* ACTIVITY: Exactly as written, return every line of the data below apart from the pictures.

[DATA — start]

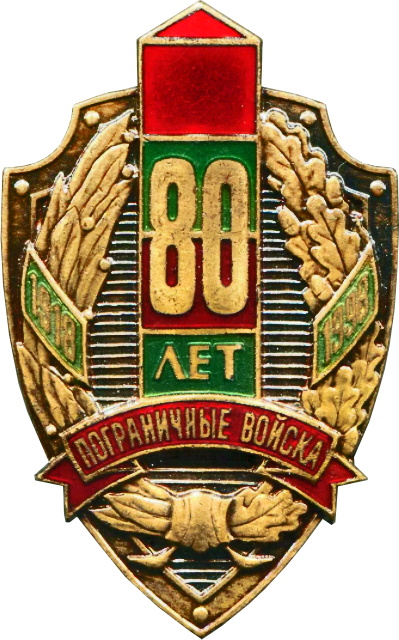 Юбилейный нагрудный знак 80 лет погранвойск
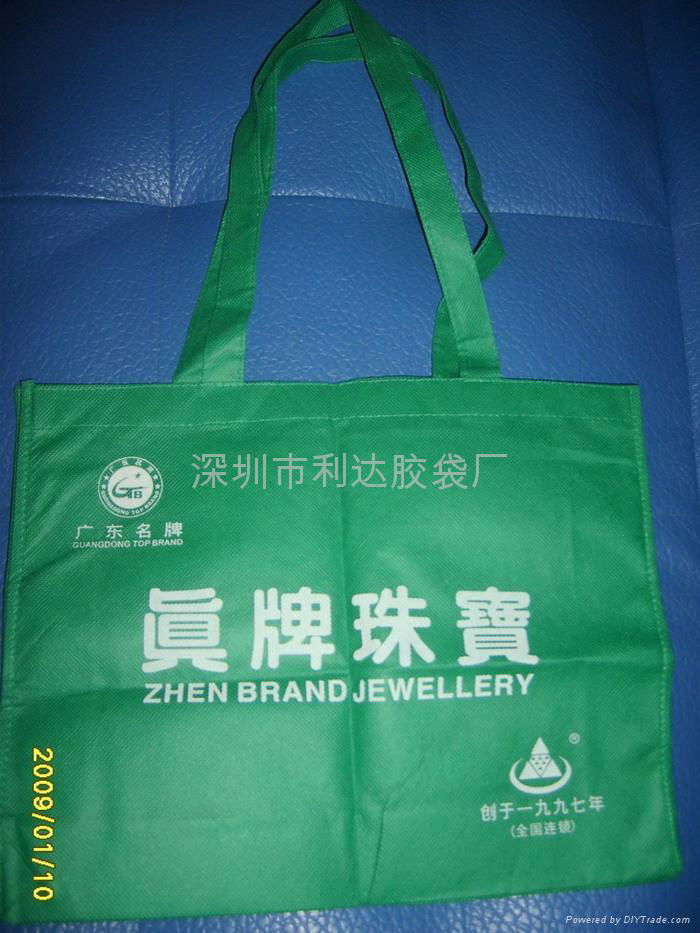 PE Plastic Bags 2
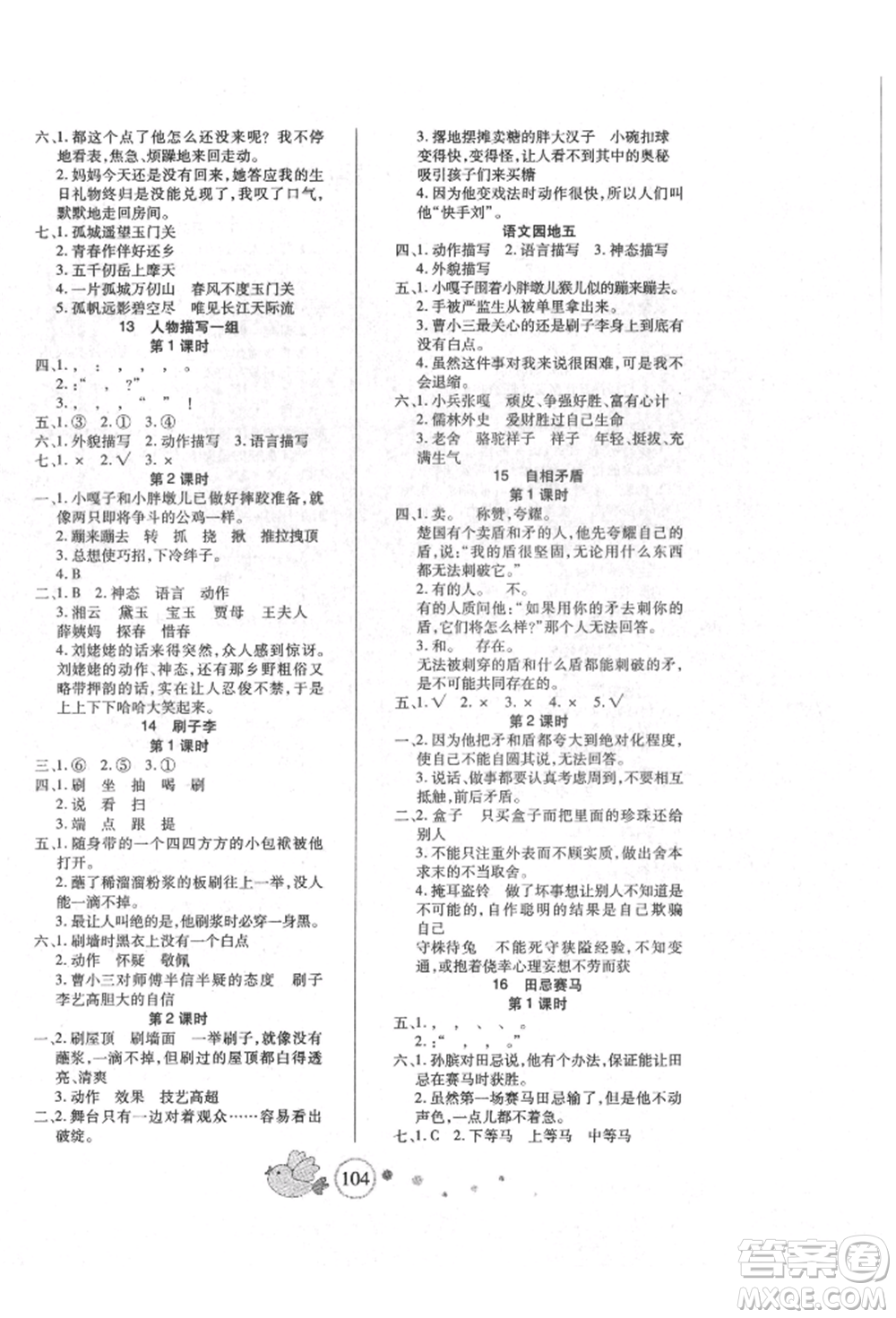 新疆青少年出版社2022整合集訓(xùn)天天練五年級(jí)下冊(cè)語(yǔ)文人教版參考答案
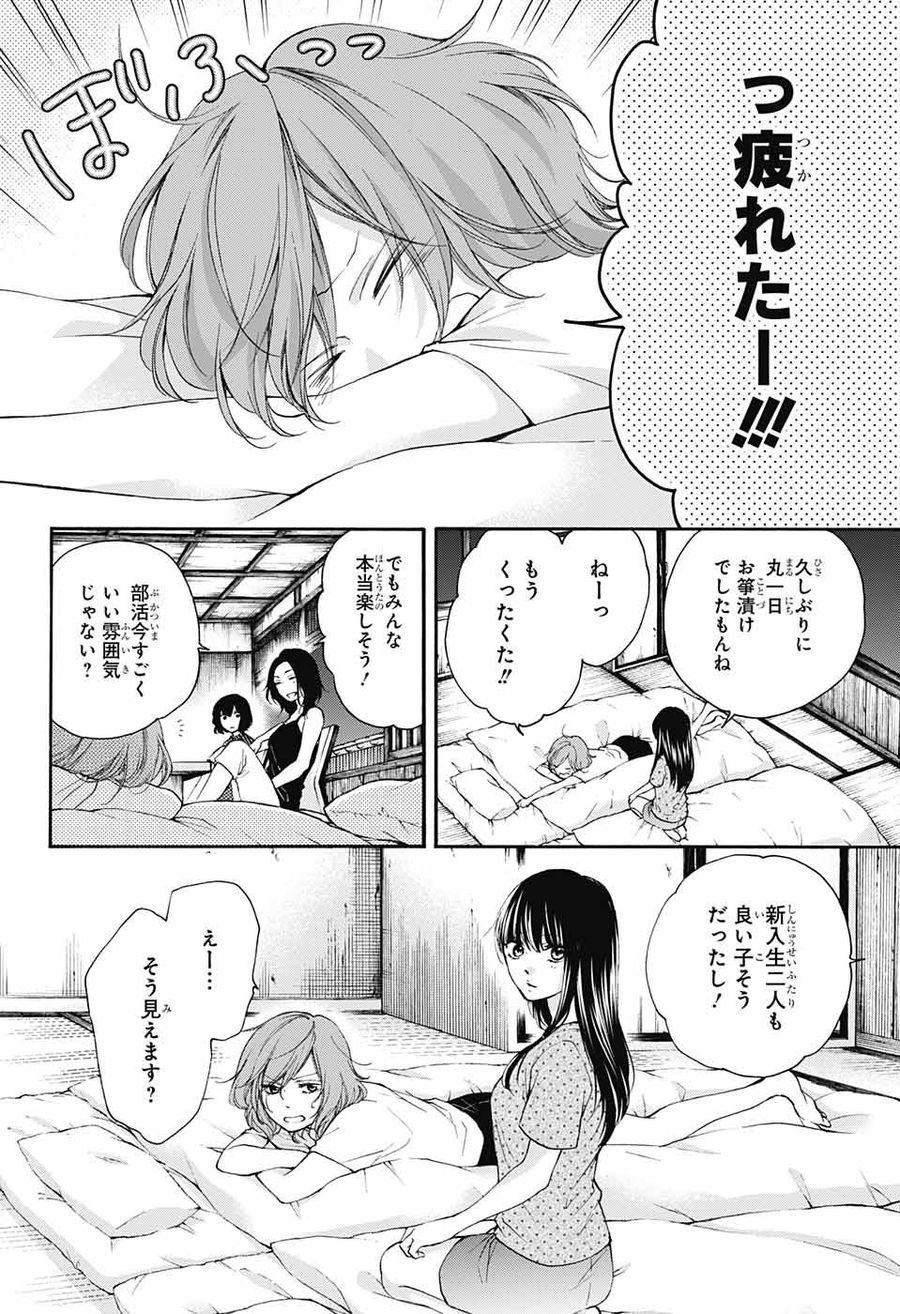 この音とまれ! 第72話 - Page 32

[DATA — finish]

* YOUR RESPONSE:
 Юбилейный нагрудный знак 80 лет погранвойск
 PE Plastic Bags 2
 新疆青少年出版社2022整合集訓(xùn)天天練五年級(jí)下冊(cè)語(yǔ)文人教版參考答案
 この音とまれ! 第72話 - Page 32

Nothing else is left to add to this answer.